I tell her my name and she nods at me, like a small bow given stiffly which I reflexively mimic as well, just as awkwardly.

We are given our new clothes. Finally, the embarrassment of the day begins to evaporate. Although the robes are optional, no one dares to refuse them.

It may seem a trifling, frivolous act to receive robes that may look inelegant to foreign eyes, but it feels good, like a reward after all that has happened. Giving up the world is difficult, friends are lost, loves are lost.

You can even lose a mother.

It is sad, but this is a happy moment, my moment of joy, no one can take that away from me.

We talk, we eat and just like that, the last of the shame fades away as the sun starts to go. We go to bed early, although the darkness is great in spite of what the clock shows, a witness that the lights of the city do not interrupt the night of this place.

It is almost tragic to take off my robe to put on my pajamas to go to sleep. I pray, I ask for my mother, I know that God can bring her back to His house.

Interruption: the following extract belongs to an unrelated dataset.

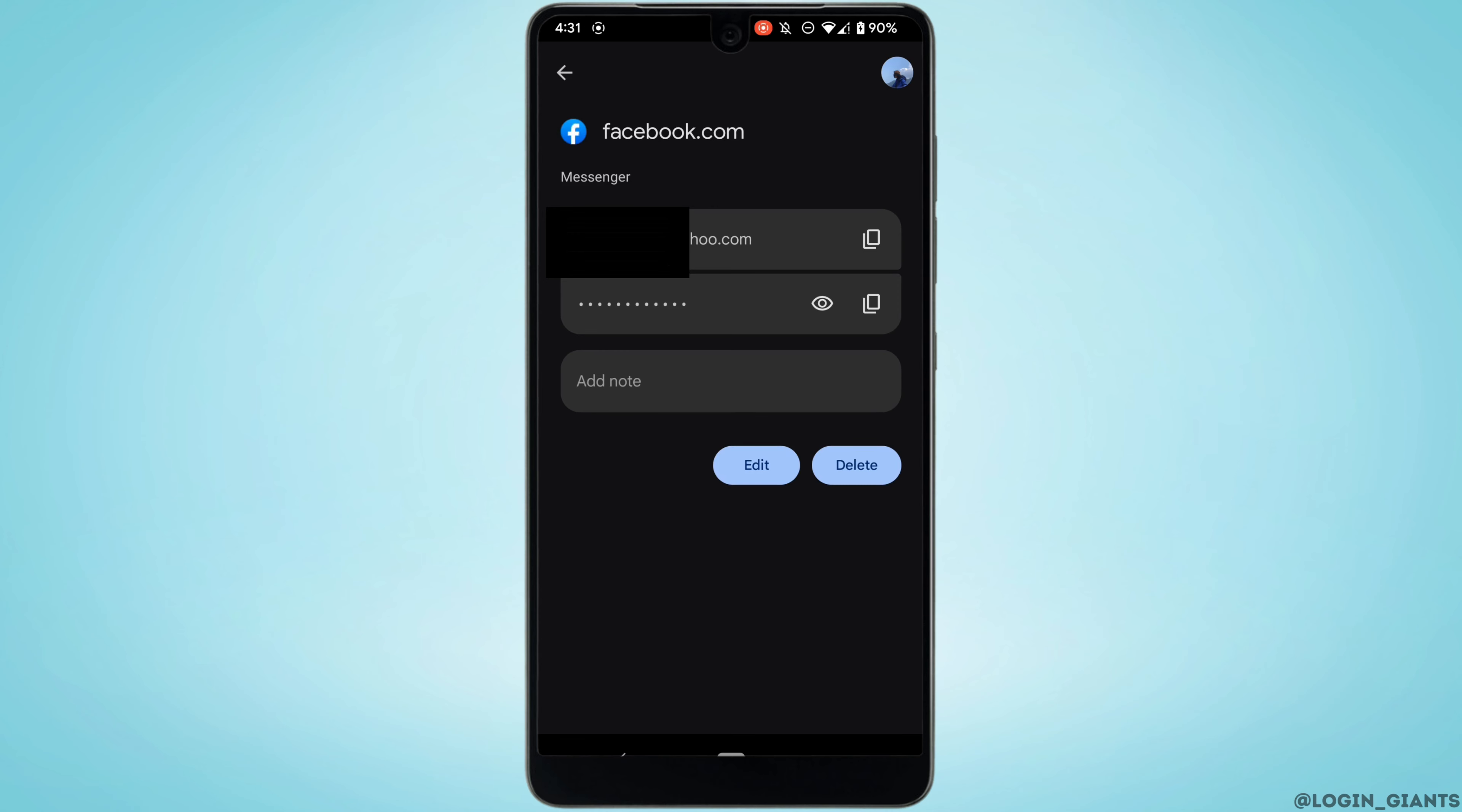So there you go. In this page you will get to see the password of your Facebook account. Once again letting you know that you will only be able to see this password if you have saved it into your Google account. If not, you won't be able to see your password.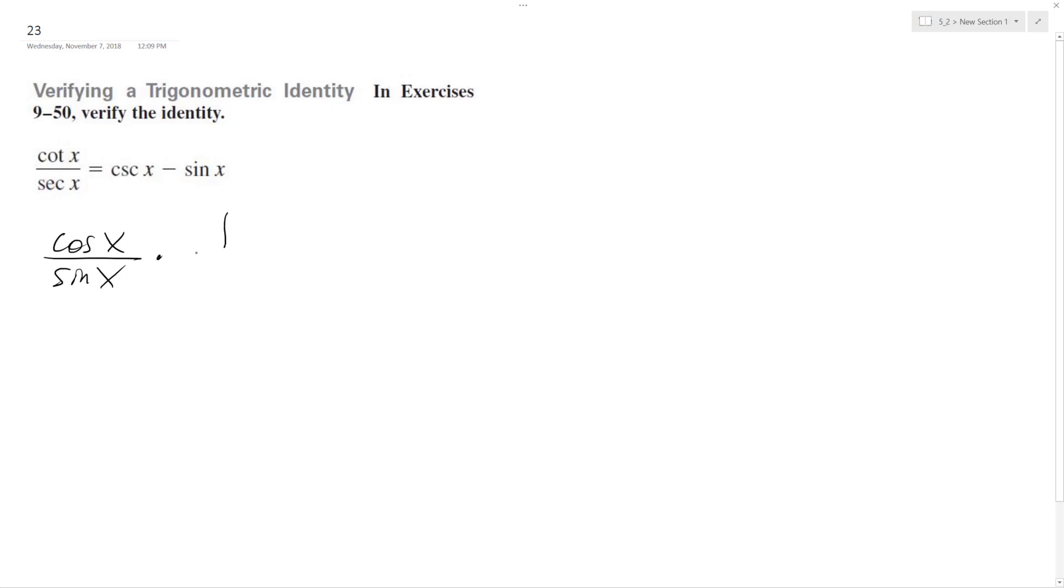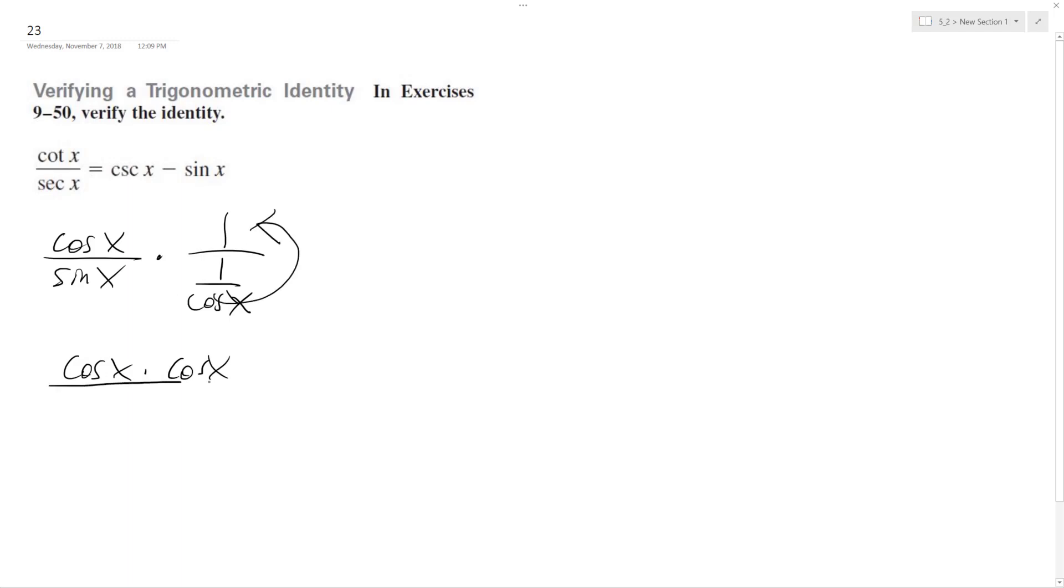And so this is the same as 1 over cosine x. So cosine x times cosine x, because I flip this over, over sine x. So we have cosine squared x over sine x.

It is easy to relax and rest here. Silence reigns and the shadow of night is vast. A Friday in the city would be noisy, especially now that school is over in these late days of December, the spring leaving us in this south hemisphere to give its place to the Summer. Thousands of young people going to nightclubs, drunk, stoned, going to their doom.  I ask God to have mercy on them as He has had mercy on me.

A person's life can change from one day to the next.

Many people's lives can change from one moment to the next.